Горинское — утопия не пропавшей еще, ждущей своего часа России, убежище блаженных, выживающих силой изгнанной из больших городов человечности. В Горинском Никита однажды наконец “поймал счастье” — ощутил совпадение мечты с реальностью, вдохнул атмосферу очистившейся от искажений отчизны. Горинское, где в колхозе председательствует веселый священник, разруливает интриги с кормами бывший гомосексуалист Гриша и пишет роман об экологическом спасении не по годам вдумчивый мальчик, приветствует нас неугасимым сиянием истины о России.
Но свет Горинского — призрачный свет утопии, реализуемой в малом обществе избранных, возжаждавших подлинности бытия. Последние главы романа выталкивают нас из убежища блаженных — обратно, в Россию гибнущую, в необходимость не верить, а действовать, не бежать, а нападать. Опять застучал перечислительный ритм трагедий, завязалась вереница несчастий, не хватало только общего горя — и вот оно: монетизация льгот.
Ключарева выбирает недавнюю пенсионную реформу как повод растолкать российское общество, вынудить народ и власть к очной ставке. “Вот и революция, которую мы так ждали”. Чудо Горинского не отменяет назревшего несовпадения верхов и низов. Низы захотели и смогли. Кульминационная в романе сцена пощечины Никиты президенту запомнилась большинству читателей и стала своеобразно знаменитой. Вот только не дает покоя вопрос, правильно ли мы поняли место этого эпизода и всего революционного сюжета в романе, не зря ли нас вернули в жесть действительности из блаженного забытья Горинского?

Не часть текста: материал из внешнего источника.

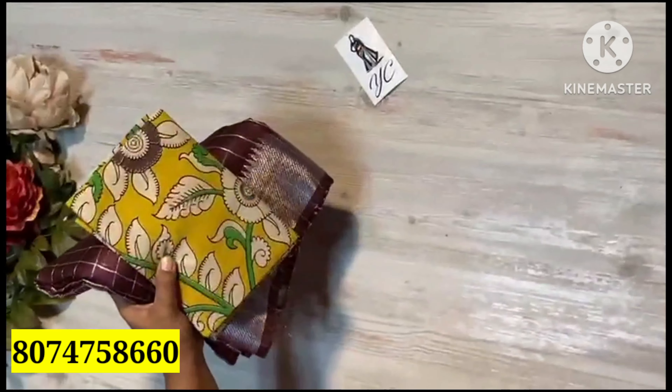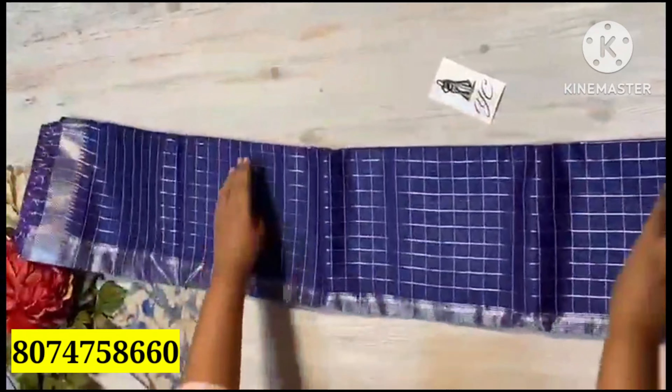Here is the saree all over with a nice blouse. The pallu is here with a nice color combination — this is a dark brinjal blue color combination. This is a pure kalamkari print blouse in contrasting shade, with nice temple weaving borders and both sides in silver combination.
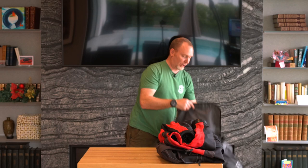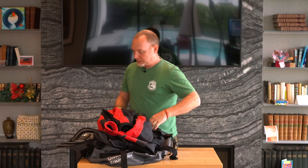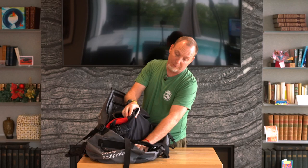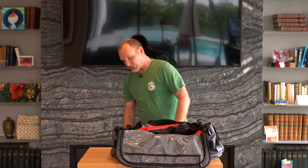And so that gives me a rather neat little drysuit package, which I can then very easily slip into my duffel like so. And what that does is it actually leaves quite a bit of room in this bag for other bits and pieces.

Никита что — Никита остается верен себе, верен горинской идее личного подвижничества, его пощечина сродни белым гвоздикам, которые он, в полном одиночестве мужества между двух застывших в замешательстве толп, засовывал в нацеленные стволы омоновцев, умоляя не стрелять в своих, в пришедший за справедливостью народ. Другое дело — Россия, с началом революции все больше ощущающая несовпадение ожиданий и результатов, слов и действий. Какой-то греческий шут выражает “солидарность с героическим советским народом”; группы революционной молодежи стоят раздельно, “неприязненно глядя на особей из соседних табунов” и превращая в фарс порыв нации к повстанческому единству; мужики рады, что благодаря волнениям с утра можно выпить и не пойти на работу; а некий вольнодумствующий малец разочарованно разводит руками: “Да, блин, какая-то революция непонятная. Что происходит? Куда идти? Что делать? <…> Тусуйся, прыгай, бегай — а оно все как-то само происходит, помимо тебя. Мы революцию совсем не так представляли. Думали, от нас будет многое зависеть”. Перед нами не что иное, как черты “ряженой революции” по Славниковой, а шире — воспроизведение дурного кольцевого сюжета России, революционный тупик, открывшаяся ложь преобразовательных возможностей повстанцев. Итогом революции в романе становится безумная аллегория, явившаяся в дни голодовки ускользающему в небытие обморока Никите: явление “непрощенных и непростивших”, колоритной, точно схваченной Ключаревой нежити, которая пришла требовать своего и бесконечно мстить. Потому что революция, по логике цикла, и есть — только мщение, ритуал отрицания всего, что было, компенсация обиженным, которым лишь бы теперь напастись, а там хоть трава не расти. “Мира не будет”, — авторитетно заявляет голова Масхадова на серебряном блюде. Потому что колесо вертится, и раздобревших быков скоро загонят в стойла новые мастера политической корриды, и так до следующего бешенства в стаде. Потому что пора очеловечиться, развернуть ситуацию в другую сторону, соскочить с колеса взаимных обвинений и понять самих себя. “— Не так! Не так! Не так! — Оглушенный, Никита двигал губами в такт замиравшему сердцу, глотая слезы”, и вдруг “угадал то самое, нужное, слово”: “Прости!”
Кто виноват?
Вопль “Прости!”, явленный герою Ключаревой, обращен к артефактам мифической вины — всем тем философиям, событиям и государям, которых мы посылаем вместо себя на экзамен истории, с радостью оставаясь ее вечными второгодниками.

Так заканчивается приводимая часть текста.